Sierra County Sheriff Glenn Hamilton, a legislative liaison for the association, told the San Francisco Chronicle that the group wants to make sure gun owners keep their due-process rights and that the association had not yet reached a compromise with Democrats in favor of the legislation. Hamilton said the sheriffs worry that the proposed laws would have unintended consequences and would undermine constitutional protections.
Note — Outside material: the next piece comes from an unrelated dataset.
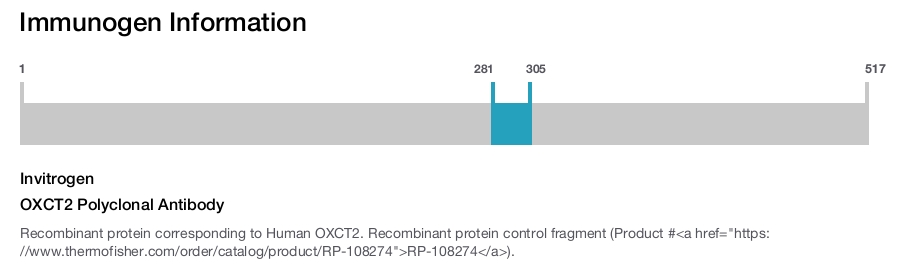 OXCT2 Polyclonal Antibody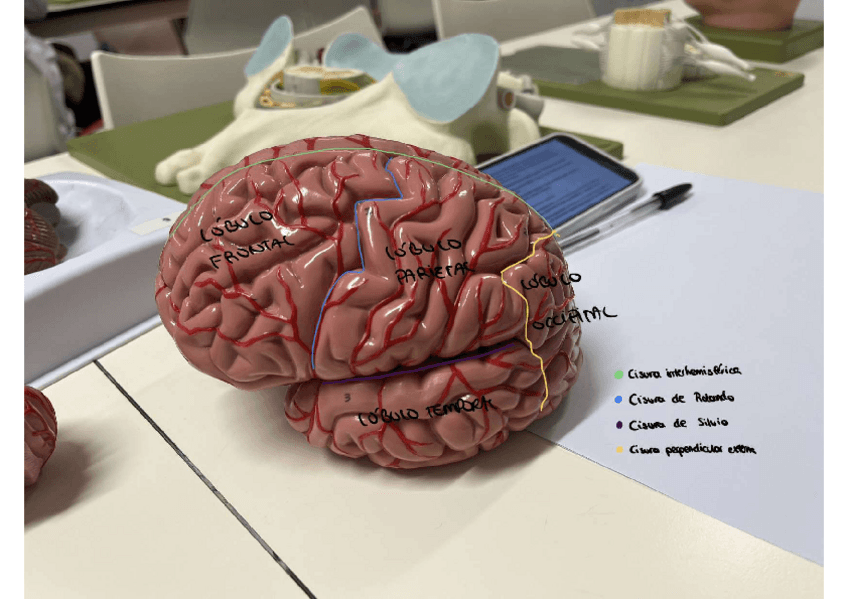 Miniatura del documento Imagenes-practica-2.pdf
“There are existing laws on the books that allow for law enforcement to investigate those individuals engaged in a mental health crisis,” Hamilton told the newspaper. “I would much rather just transport that person than take away one mechanism (a gun) unconstitutionally and leave him with knives and explosives and anything else that will allow him to carry out his ill will.”
New Mexico Gov. Michelle Lujan Grisham
Currently, Washington, D.C. and 17 states have red-flag laws in some form or other. Most of those laws have been enacted in the last two years.
New Mexico Democratic Gov. Michelle Lujan Grishman supports red-flag laws and has urged the passage of one in New Mexico.
“Without this tool, you can't have law enforcement engage before a horrific tragedy,” Lujan Grisham said at a press conference last month.
Democratic supporters of the laws claim they help reduce gun violence, while Republican opposition say the laws violate constitutional guarantees.
Last year, New Mexico extended background-check requirements for private gun sales. Firearm possessions for people who are under a permanent protective order for domestic violence are also prohibited, the Chronicle reported.
Republicans have publicly said they will protect gun rights in the next legislative session.